Do Pesticide Residues in Fruits and Vegetables Harm Fertility?


Buying organic food is expensive and it is hard to know if it is necessary when trying to conceive.

While there are studies that show that occupational exposure to pesticides can compromise fertility in both men and women,[1] there hasn’t been much data that shows that pesticide exposure in small quantities (in the foods we eat) can harm fertility.

Until now.


Study Details

Recently, there was a study published in JAMA that looked at just this[2]. It looked at 325 women undergoing fertility treatments and assessed the association between the amount of high-pesticide residue fruit and vegetable consumption and their rates of clinical pregnancy and live birth. All women enrolled in the study filled out a food-frequency questionnaire detailing how many fruits and vegetables they consumed per day, and specifically, which ones. Each fruit and vegetable was classified according degree of pesticide residue according to annual reports from the US Department of Agriculture Pesticide Data Program (PDP). Based on this data, every fruit and vegetable was categorized as a “high” or “low” pesticide residue food.

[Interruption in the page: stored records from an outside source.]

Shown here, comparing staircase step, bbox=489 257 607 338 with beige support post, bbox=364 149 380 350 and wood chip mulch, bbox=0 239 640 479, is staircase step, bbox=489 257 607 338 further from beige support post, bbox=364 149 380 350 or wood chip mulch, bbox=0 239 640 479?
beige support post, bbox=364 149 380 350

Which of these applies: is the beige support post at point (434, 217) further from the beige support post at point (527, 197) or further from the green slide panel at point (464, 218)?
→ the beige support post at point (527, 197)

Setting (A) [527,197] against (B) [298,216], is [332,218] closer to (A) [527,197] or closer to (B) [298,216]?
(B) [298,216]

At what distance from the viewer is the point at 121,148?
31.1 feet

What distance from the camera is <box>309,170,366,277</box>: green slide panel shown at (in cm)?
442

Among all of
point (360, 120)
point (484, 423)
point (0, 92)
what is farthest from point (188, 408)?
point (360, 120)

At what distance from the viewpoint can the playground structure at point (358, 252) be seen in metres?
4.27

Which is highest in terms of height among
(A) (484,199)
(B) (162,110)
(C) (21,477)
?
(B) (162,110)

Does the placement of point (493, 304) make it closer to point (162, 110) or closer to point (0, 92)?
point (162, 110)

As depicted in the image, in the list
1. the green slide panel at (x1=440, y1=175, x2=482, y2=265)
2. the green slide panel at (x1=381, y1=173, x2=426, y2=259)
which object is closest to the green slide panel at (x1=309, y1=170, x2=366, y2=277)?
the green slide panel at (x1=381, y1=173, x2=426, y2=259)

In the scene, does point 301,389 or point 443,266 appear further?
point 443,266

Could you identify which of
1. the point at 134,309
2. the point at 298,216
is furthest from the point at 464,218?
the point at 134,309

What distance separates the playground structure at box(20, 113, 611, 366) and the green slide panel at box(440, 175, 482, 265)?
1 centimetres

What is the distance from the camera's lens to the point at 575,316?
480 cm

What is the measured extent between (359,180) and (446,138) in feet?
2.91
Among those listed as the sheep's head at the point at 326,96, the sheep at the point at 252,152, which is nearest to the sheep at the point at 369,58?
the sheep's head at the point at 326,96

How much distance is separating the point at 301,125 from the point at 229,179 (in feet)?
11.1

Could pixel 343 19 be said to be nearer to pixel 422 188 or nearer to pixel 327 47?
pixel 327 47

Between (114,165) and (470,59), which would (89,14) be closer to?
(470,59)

Women who consumed the most high-residue fruits and vegetables (>2.3 servings per day) compared to those who consumed the least amount of high-residue fruits and vegetables (less than 1 serving per day) had an 18% lower probability of clinical pregnancy and a 26% lower probability of live birth. High pesticide residue fruits and vegetables were also associated with the probability of pregnancy loss.

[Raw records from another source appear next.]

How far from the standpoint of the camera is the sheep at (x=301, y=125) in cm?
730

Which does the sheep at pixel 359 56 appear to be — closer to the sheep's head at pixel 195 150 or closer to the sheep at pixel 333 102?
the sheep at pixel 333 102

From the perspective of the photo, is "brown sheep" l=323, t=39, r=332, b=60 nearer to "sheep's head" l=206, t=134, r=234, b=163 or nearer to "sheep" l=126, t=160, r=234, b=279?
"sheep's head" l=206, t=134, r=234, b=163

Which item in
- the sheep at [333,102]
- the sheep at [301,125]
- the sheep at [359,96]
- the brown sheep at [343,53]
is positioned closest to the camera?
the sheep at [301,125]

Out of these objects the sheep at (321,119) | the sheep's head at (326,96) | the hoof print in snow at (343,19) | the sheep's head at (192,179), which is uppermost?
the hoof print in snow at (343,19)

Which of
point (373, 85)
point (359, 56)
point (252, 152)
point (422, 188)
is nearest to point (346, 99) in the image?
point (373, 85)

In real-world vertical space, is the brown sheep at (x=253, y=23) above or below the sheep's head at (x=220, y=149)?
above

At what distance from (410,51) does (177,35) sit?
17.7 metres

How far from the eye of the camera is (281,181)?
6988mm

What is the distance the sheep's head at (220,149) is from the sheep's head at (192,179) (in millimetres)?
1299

Those that consumed the lowest amount (lowest quartile) of high pesticide foods had 7% chance of pregnancy loss, and those that consume the most (highest quartile) had a 34% chance of pregnancy loss. These results were statistically significant.


Study Limitations

This is a small study, that relies on dietary self-reporting and food frequency questionnaires, which can be unreliable. It is also an observational study and did not randomly assign women to consume high and low pesticide residue fruits and vegetables. This means, we cannot rely on the data to prove causation (consuming high pesticide residue foods CAUSES a decrease in pregnancy rates and lower probability of live birth rates) but rather just shows an association that could also be caused by a confounding variable.


Which Fruits and vegetables have highest pesticide residues?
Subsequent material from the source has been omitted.